# Are Fujisaki commitments binding if the factorization of the group is known?

If I understand correctly, a Fujisaki commitment is as follows: $$g^m \cdot h^r$$ mod $$n$$, where $$m$$ is a message, $$r$$ is a random number, there exists $$a$$ such that $$h^a = g$$, and $$n$$ is an RSA modulus.

Usually, when I read discussions about this scheme, the holder of the commitment does not know the prime factorization of $$n$$.

Is it a requirement that the order of the group be unknown to the creator of the commitment? (Note added assumption below.)

EDIT: Note that the message can be replaced with $$m+k\cdot \lambda(n)$$, where $$\lambda(n)$$ is the order of $$n$$. Though this is a threat to the commitment, I am more concerned with commitments of small values ($$m << \lambda(n)$$), so opening the commitment like this would be rejected. So I will rephrase:

Assuming $$m << \lambda(n)$$, is a Fujisaki Commitment binding if the prime factorization of $$n$$ is known?

• What happens if you claim to reveal $m + k\lambda(n)$ for any $k$? Can the verifier tell that you've done so instead of returning a message $m < \lambda(n)$? – Squeamish Ossifrage Jun 20 '19 at 16:50
• I didn't consider that because, in my use case, I have a range of possible expected values enforced by a range proof. $m + k \lambda(n)$ would be far outside this range. But, in general, this is correct. Especially considering that the other party probably doesn't know the order of $n$. – Zarquan Jun 20 '19 at 17:20

## 1 Answer

Yes! Note that in the original scheme there are two secrets the committer does not know:

1. The factorization of the modulus: $$N=pq$$
2. The value $$a$$ such that $$h^a=g$$.

Therefore, the commitment scheme is still binding, even if the factorization is known.

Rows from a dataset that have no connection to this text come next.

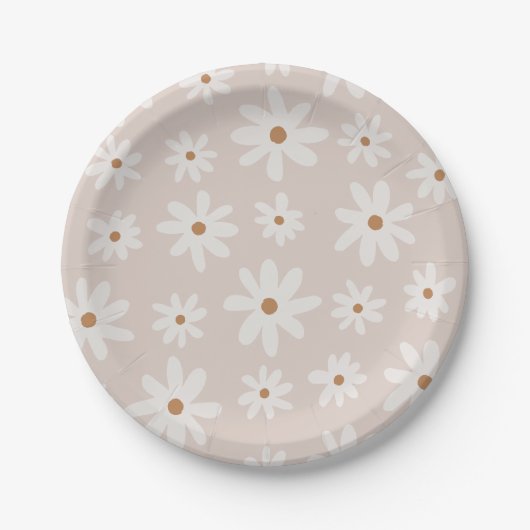 Groovy Retro Light Brown Daisy Floral Pappteller (Vorderseite)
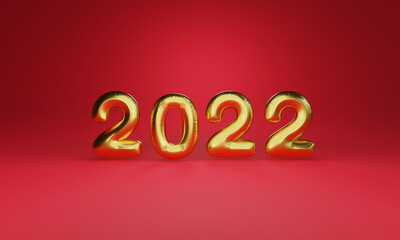 Golden 2022 year balloon with light glowing on red background for preparation merry Christmas and happy new year concept by 3d render technique.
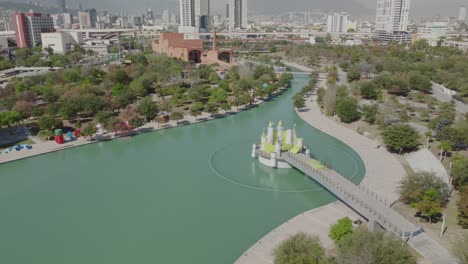 Aerial-shot-of-the-manmade-Paseo-Santa-Lucia,-in-Monterrey,-Nuevo-Leon,-Mexico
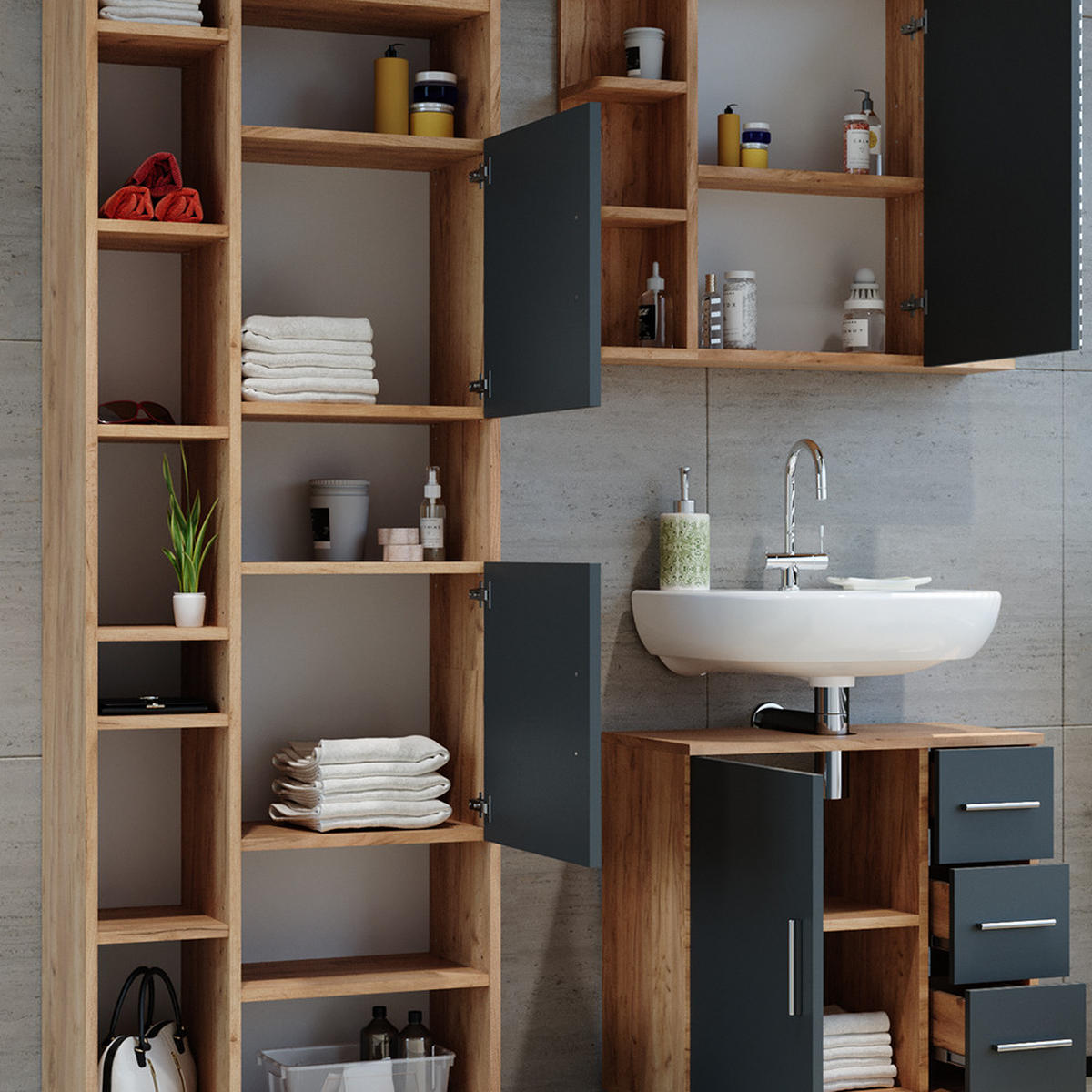 BADMÖBEL-SET Ilias Eiche 3 Teile, mit Unterschrank 60 cm - Eichefarben/Anthrazit, Holzwerkstoff (60/60.8/33cm) - Vicco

Let's assume committer wants to open the commitment $$c=g^m h^r \mod N$$ to a different $$(m^{*},r^{*})$$. It means that she needs to find values $$(m^{*},r^{*})$$ such that:

$$g^m h^r=g^{m^{*}}h^{r^{*}} \mod N$$

$$\iff g^{m-m^{*}}h^{r-r^{*}}=(h^a)^{m-m^{*}}h^{r-r^{*}}=1 \mod N$$ Which equivalently gives the following equality in the exponents: $$\iff a(m-m^{*})+(r-r^{*})=0 \mod \phi(N)$$

Even if committer knows $$\phi(N)$$, she does not know $$a$$, therefore she cannot break the binding property, unless she additionally breaks the Discrete-Log in $$\mathbb{Z}^{*}_p$$ or $$\mathbb{Z}^{*}_q$$.

In most definitions of the Fujisaki commitment scheme, $$N$$ is chosen to be a product of safe primes, so commiter cannot even use Pohlig–Hellman algorithm efficiently, to calculate discrete logs modulo primes.

Trivially, if also $$a$$ is known to committer, then she can decommit to any $$m^{*}$$ by choosing an appropriate $$r^{*}$$ through solving the last equation in the exponents.